TASK BRIEF:
Within the listing that follows, reproduce exactly the lines starting at the line with "Composite image of" and ending at the line with "Breathtaking view of", inclusive, and only those. Pictures are dropped.
##### ENTRIES SUPPLIED #####
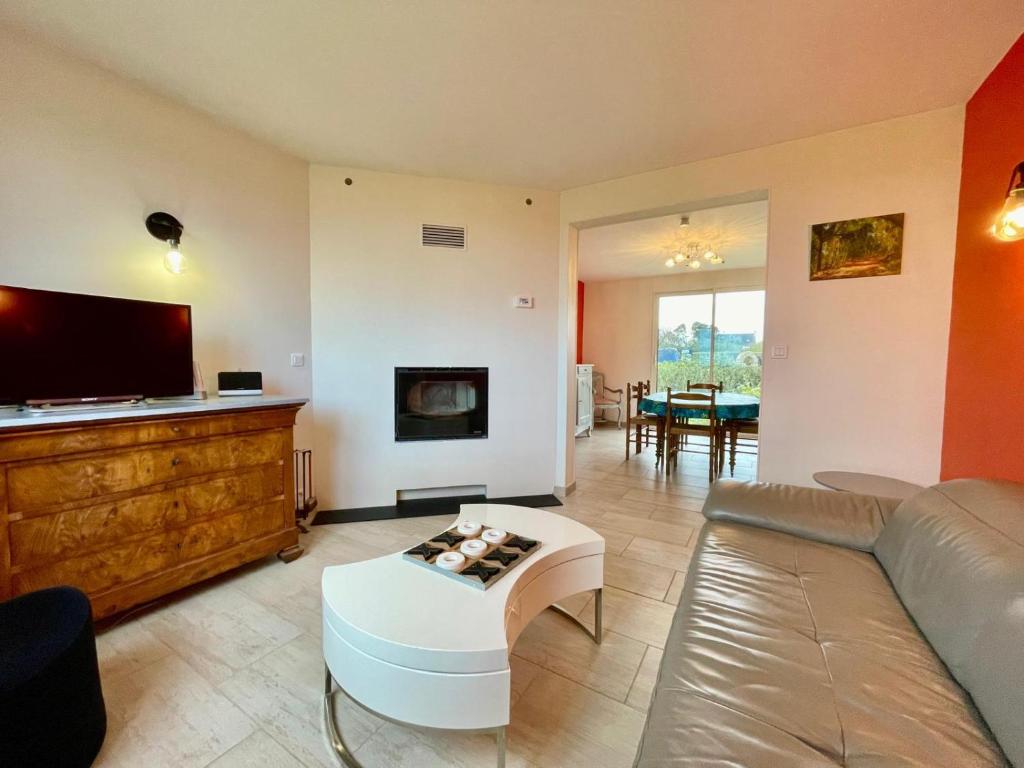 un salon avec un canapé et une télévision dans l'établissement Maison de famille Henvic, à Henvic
#####
##### ENTRIES SUPPLIED #####
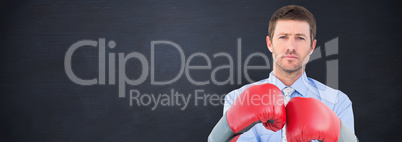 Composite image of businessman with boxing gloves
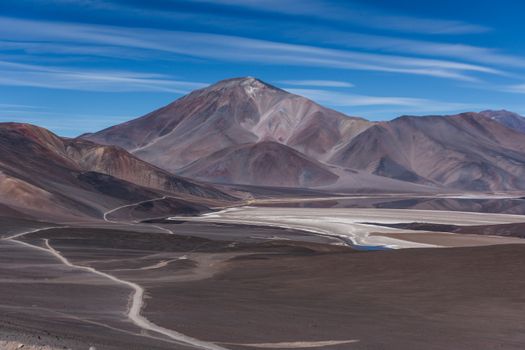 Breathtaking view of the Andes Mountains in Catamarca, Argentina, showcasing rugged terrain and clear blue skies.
#####
FINISHED EXERCISE:
 Composite image of businessman with boxing gloves
 Breathtaking view of the Andes Mountains in Catamarca, Argentina, showcasing rugged terrain and clear blue skies.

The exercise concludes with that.